Cleobulus was the son of Evagoras and a citizen of Lindus in Rhodes. Clement of Alexandria called Cleobulus king of the Lindians, and Plutarch spoke of him as the tyrant. The letter quoted by Diogenes Laërtius, in which Cleobulus invites Solon to Lindus as a democratic place of refuge from the tyrant Peisistratus in Athens, is undoubtedly a later forgery. Cleobulus is also said to have studied philosophy in Egypt. He had a daughter, Cleobulina, who found fame as a poet, composing riddles in hexameter verse. Cleobulus is said to have lived to the age of seventy, and to have been greatly distinguished for strength and beauty of person.

==Extant fragments==
Cleobulus apparently wrote lyric poems, as well as riddles in verse. Diogenes Laërtius also ascribes to him the inscription on the tomb of Midas, of which Homer was considered by others to have been the author:

I am a brazen maiden lying here
Upon the tomb of Midas. And as long
As water flows, as trees are green with leaves,
As the sun shines and eke the silver moon,
As long as rivers flow, and billows roar,
So long will I upon this much wept tomb,
Tell passers by, "Midas lies buried here."

The Suda mentions him, and farther down, his daughter Cleobulina. An epigram of his is in the Palatine Anthology (VII, 153), and in another place records two epigrams together as "One of Homer, or of Cleobulus", without specifying which is the latter's. French scholar Pierre Waltz analyzed the problem in the Anthologie Grecque Likewise an enigma attributed to him is recorded in the Palatine Anthology (XIV).

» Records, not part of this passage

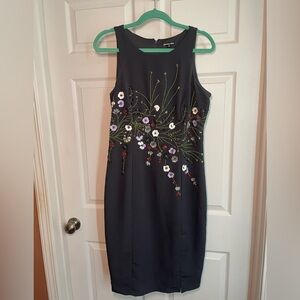 GIANNI BINI Slate Blue Multi Beads Sequined floral dress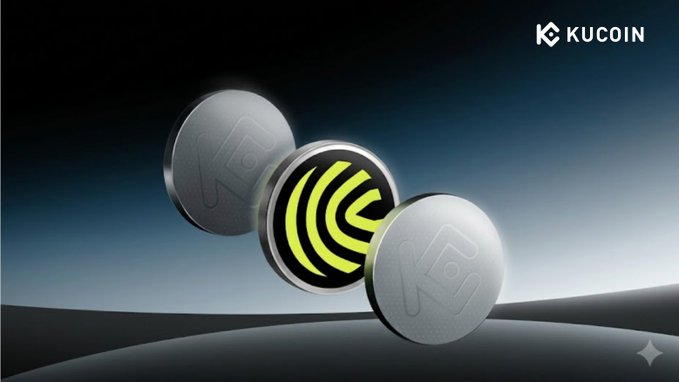 Three metallic coin-like discs featuring a stylized "C" logo float against a sleek, gradient backdrop, with the center disc illuminated in bright green, while the KuCoin logo appears in the top right corner—visually representing the Cap (CAP) protocol highlighted in the blog post for bringing blockchain-based transparency to private credit markets.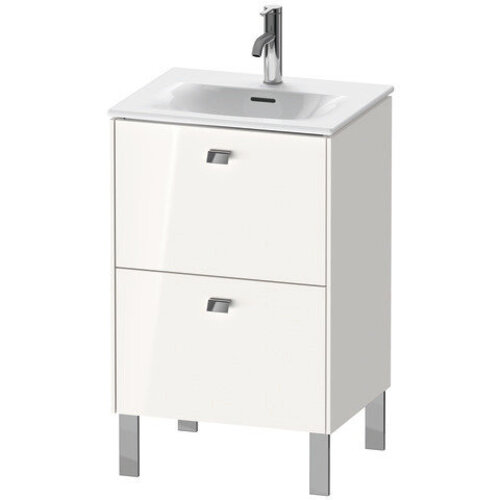 Bild von Duravit Brioso Waschtischunterbau stehend 52,0 x 41,9 cm, 2 Auszüge, inkl. Siphonausschnitt und Schürze, für Waschtisch Viu 234453, Farbe (Front/Korpus): Weiß Hochglanz Dekor, Griff Chrom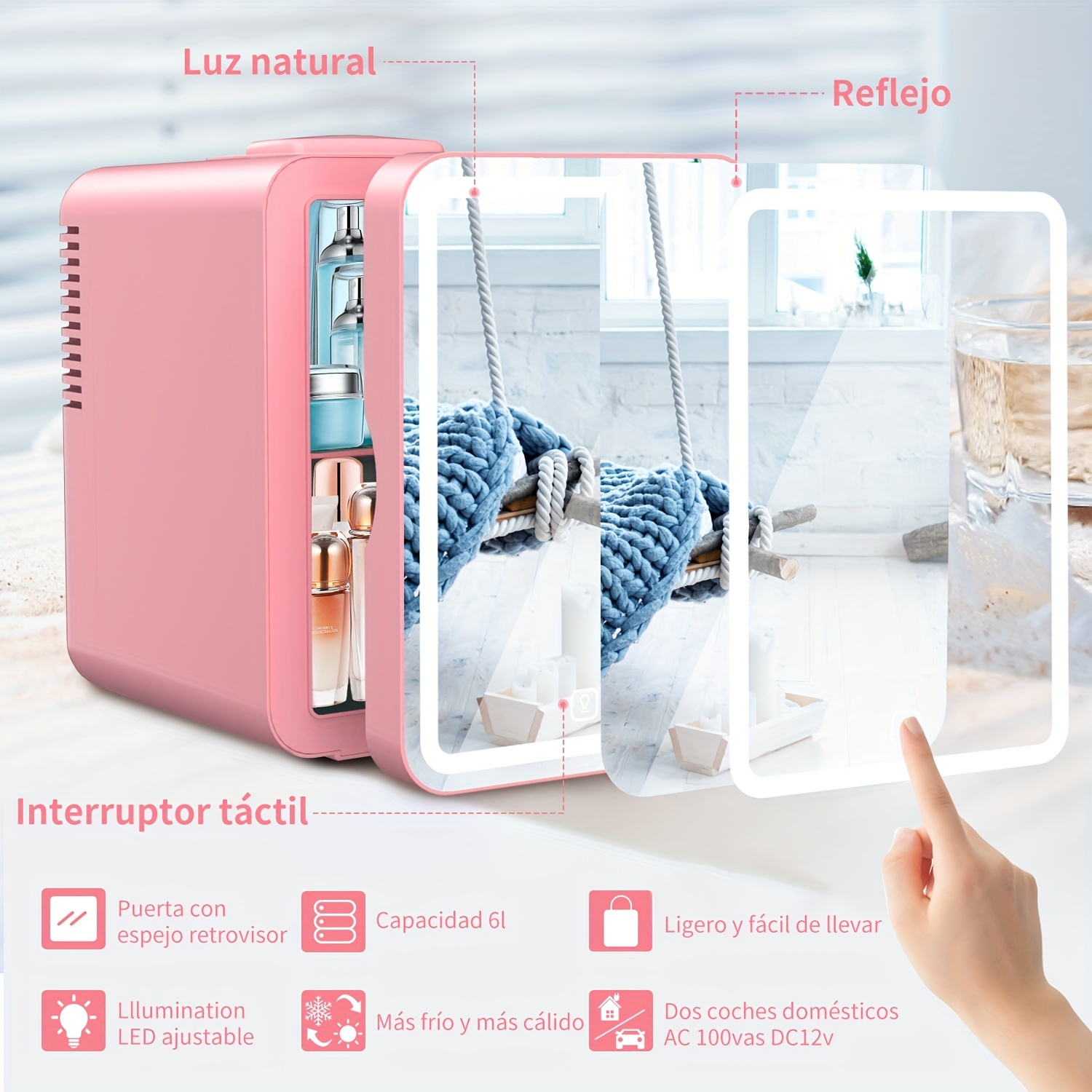 Mini Nevera De Belleza Refrigerador De Maquillaje Cosmético Profesional  Portátil con Espejo para El Cuidado De La Piel (13L Rosa)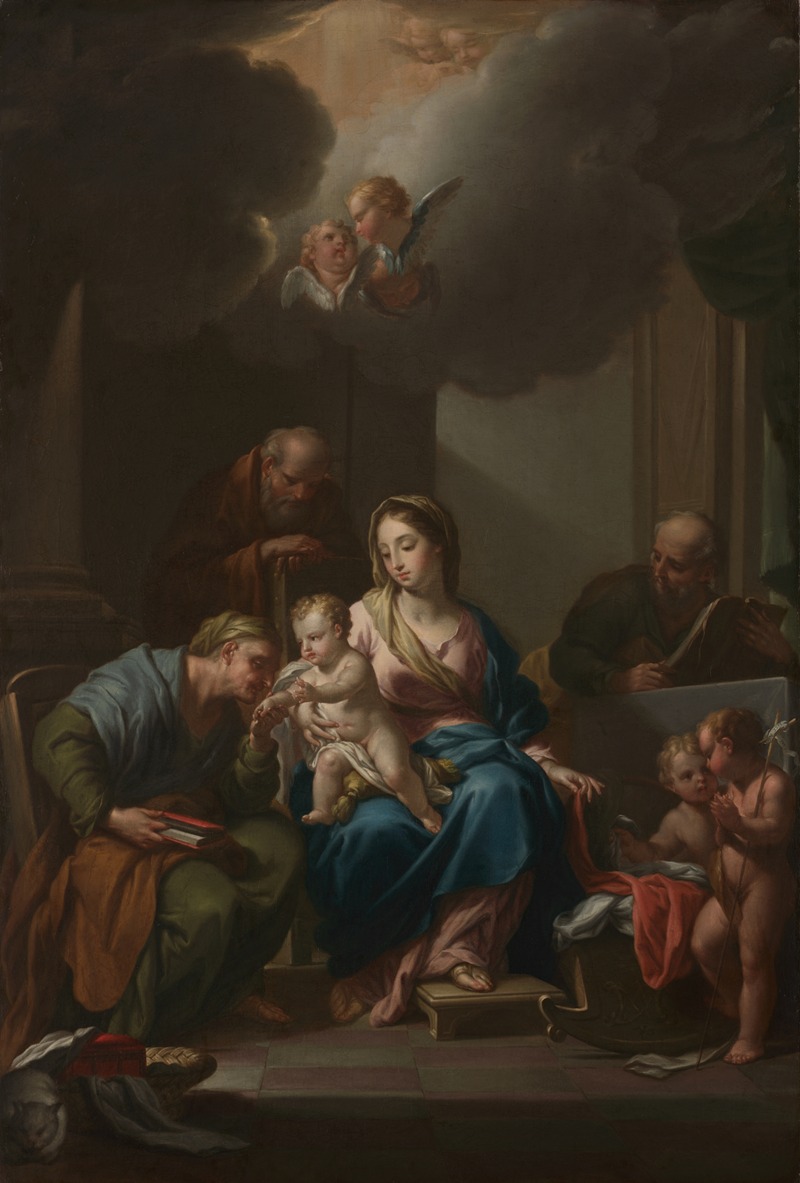 Francesco Trevisani - Presentation Sketch for ‘The Holy Family with Saints Anne, Joachim, and John the Baptist’ (for Santa Maria in Via Lata, Roma)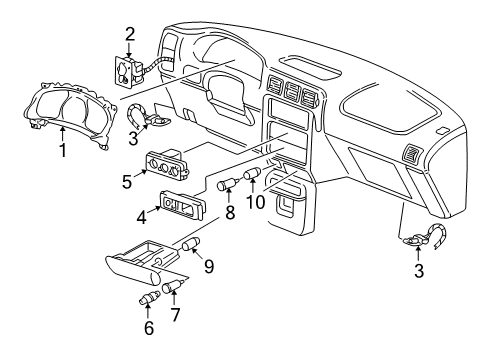 1999 Pontiac Montana Cluster & Switches Heater & Air Conditioner Control Assembly Diagram for 9364242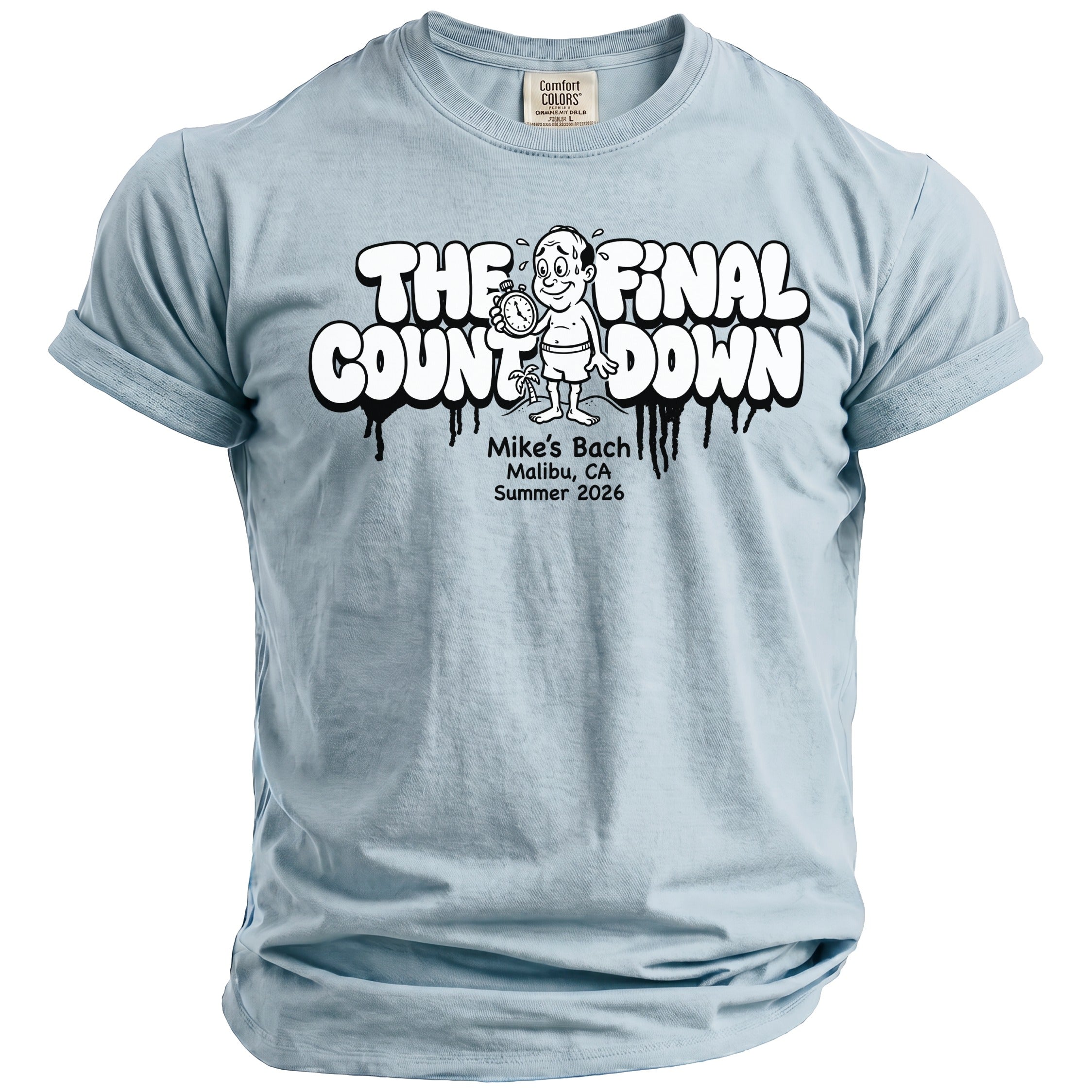 Light blue t-shirt with "THE FINAL COUNTDOWN" graphic and text.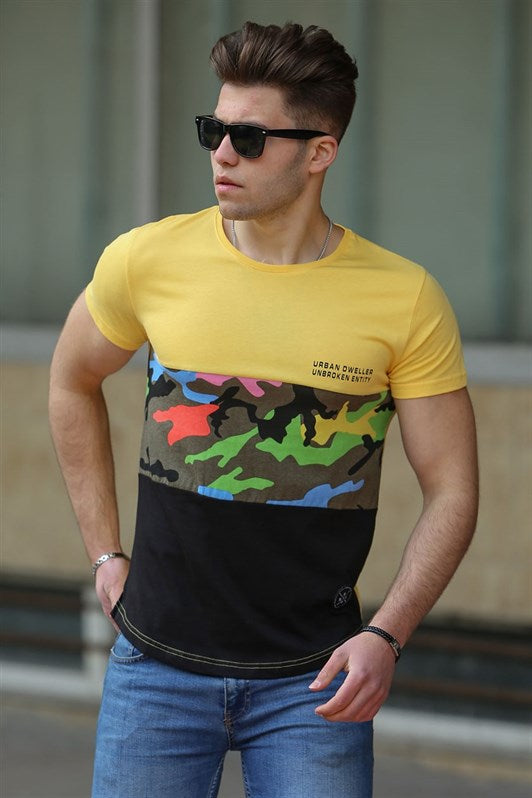MDX Madmext Camouflage Patterned Yellow T-shirt 3003 - Laguna Niguel
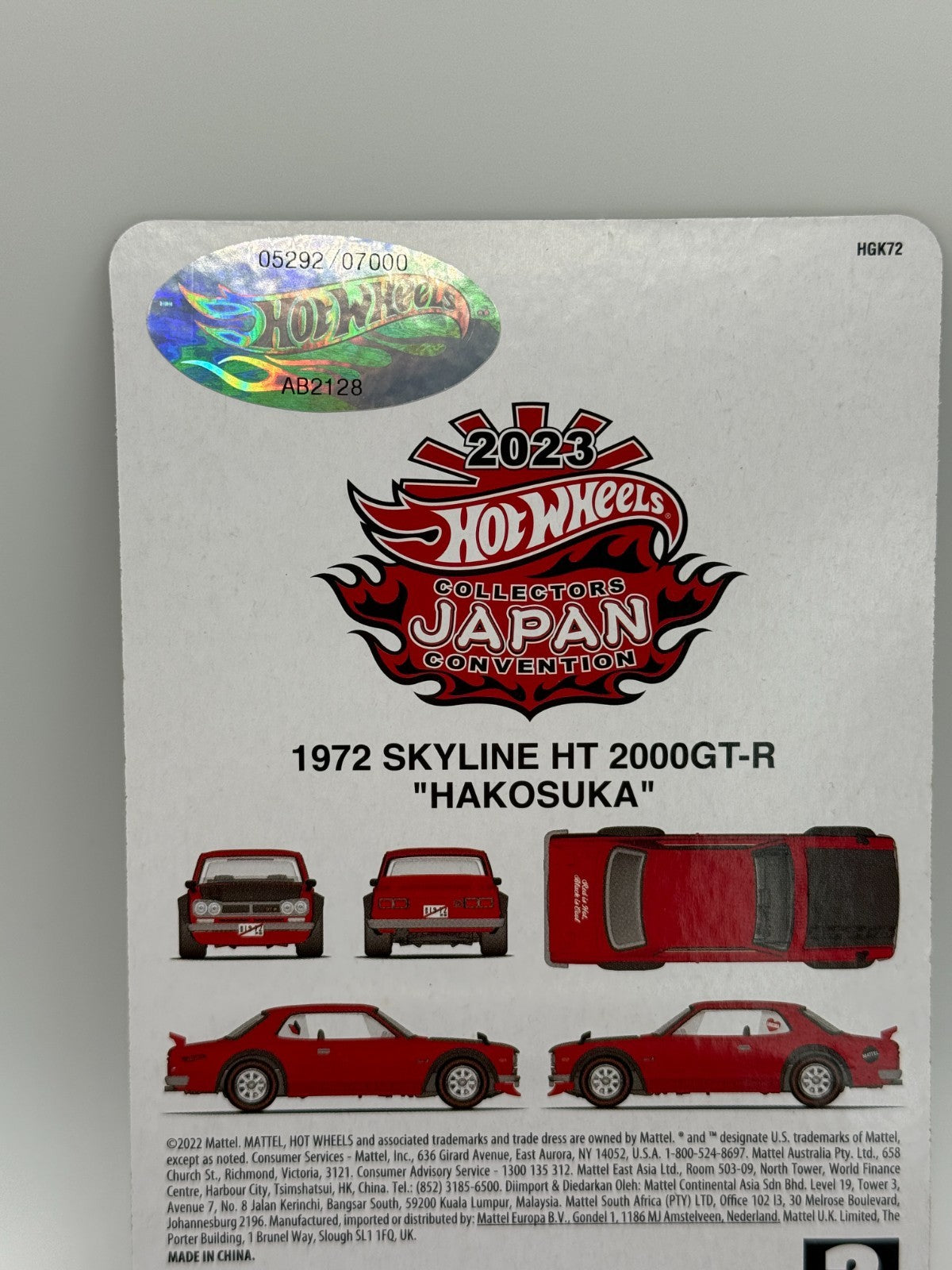 ミニカー HOT WHEELS COLLECTORS JAPAN CONVENTION Hot Wheels RLC Japan Convention 67 Camaro 40 year limited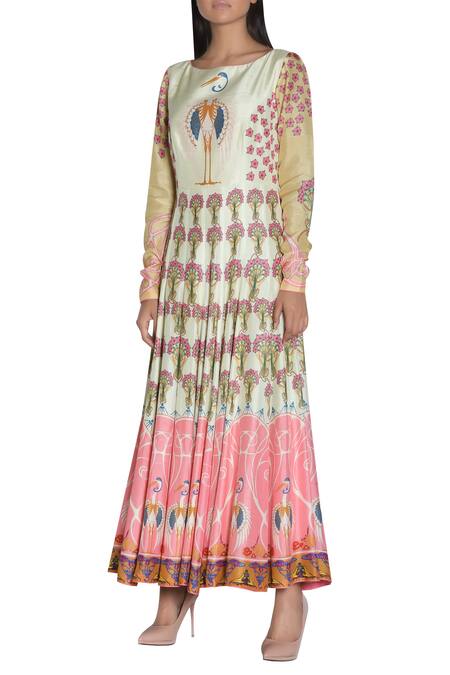 Buy_Nautanky_Yellow Printed Long Anarkali Kurta _Online_at_Aza_Fashions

Many sayings were attributed to Cleobulus:
- "Ignorance and talkativeness bear the chief sway among men."
- "Cherish not a thought."
- "Do not be fickle, or ungrateful."
- "Be fond of hearing rather than of talking."
- "Be fond of learning rather than unwilling to learn."
- "Seek virtue and eschew vice."
- "Be superior to pleasure."
- "Instruct one's children."
- "Be ready for reconciliation after quarrels."
- "Avoid injustice."
- "Do nothing by force."
- "Moderation is the best thing."

==Legacy==
There is a stone tumulus on the northern headland of Lindos bay, which is sometimes called the "Tomb of Cleobulus".

An asteroid, 4503 Cleobulus, discovered in 1989, is named for him.